◆ **Task requirements**
From the line that contains "亿企职播新手福利上线，轻松发视频，每天稳定赚零花！" through the closing line of the entries, write out each line exactly; pictures stay out.

(Image-text web data)
—————

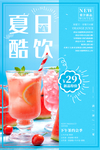夏日酷饮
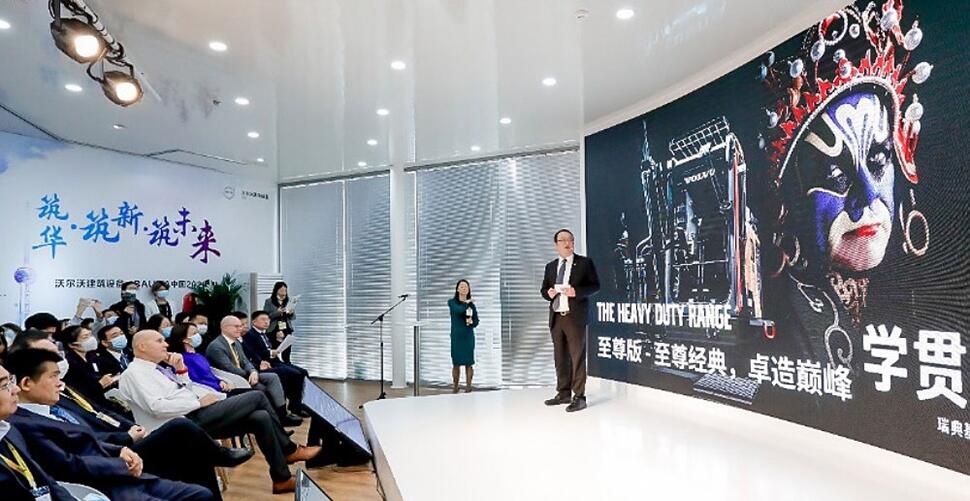 国产乱老熟妇吃嫩草-国产毛片精品一区二区色欲黄A片-国产不卡av电影在线-91精品国产91久久久无码色戒-亚洲福利在线观看与山东临工联合新闻发布会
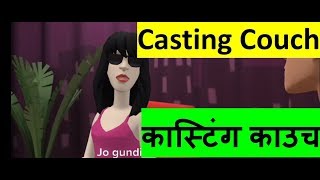 Casting Couch Hd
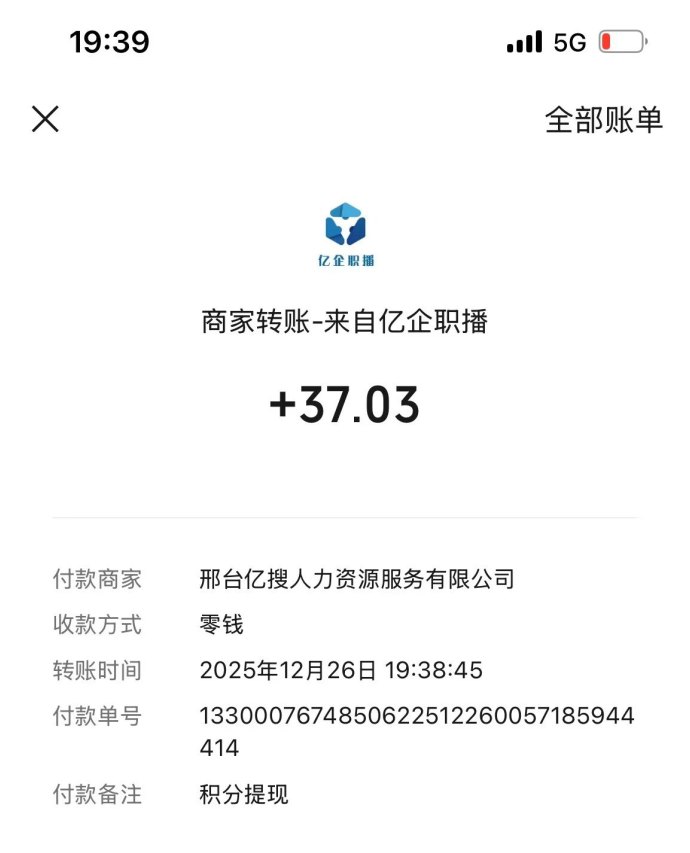 亿企职播新手福利上线，轻松发视频，每天稳定赚零花！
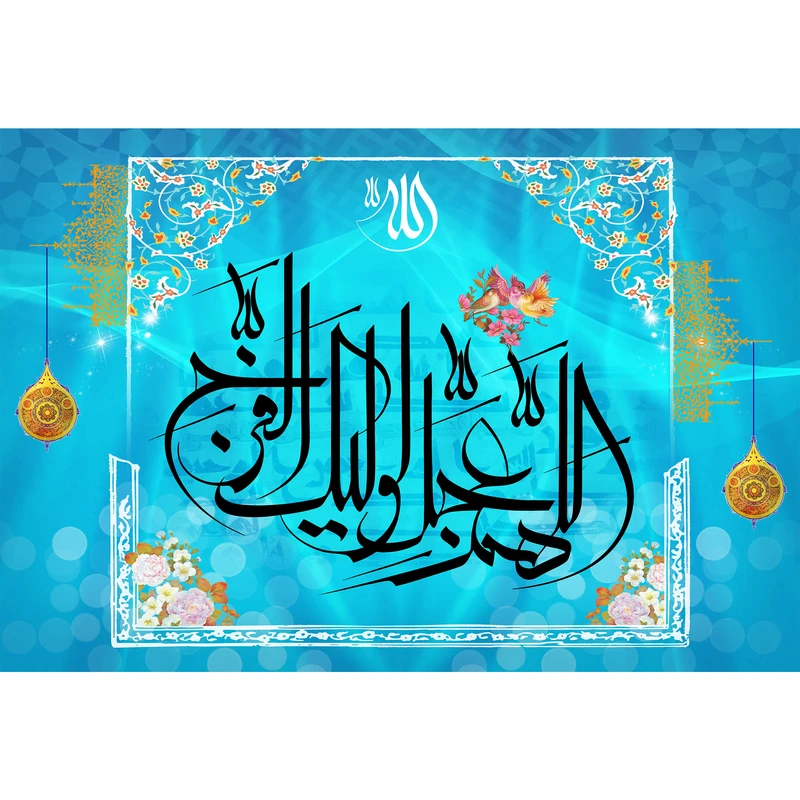 تابلو شاسی مدل اللهم عجل لولیک الفرج کد T5131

—————

◆ **Reply**
 亿企职播新手福利上线，轻松发视频，每天稳定赚零花！
 تابلو شاسی مدل اللهم عجل لولیک الفرج کد T5131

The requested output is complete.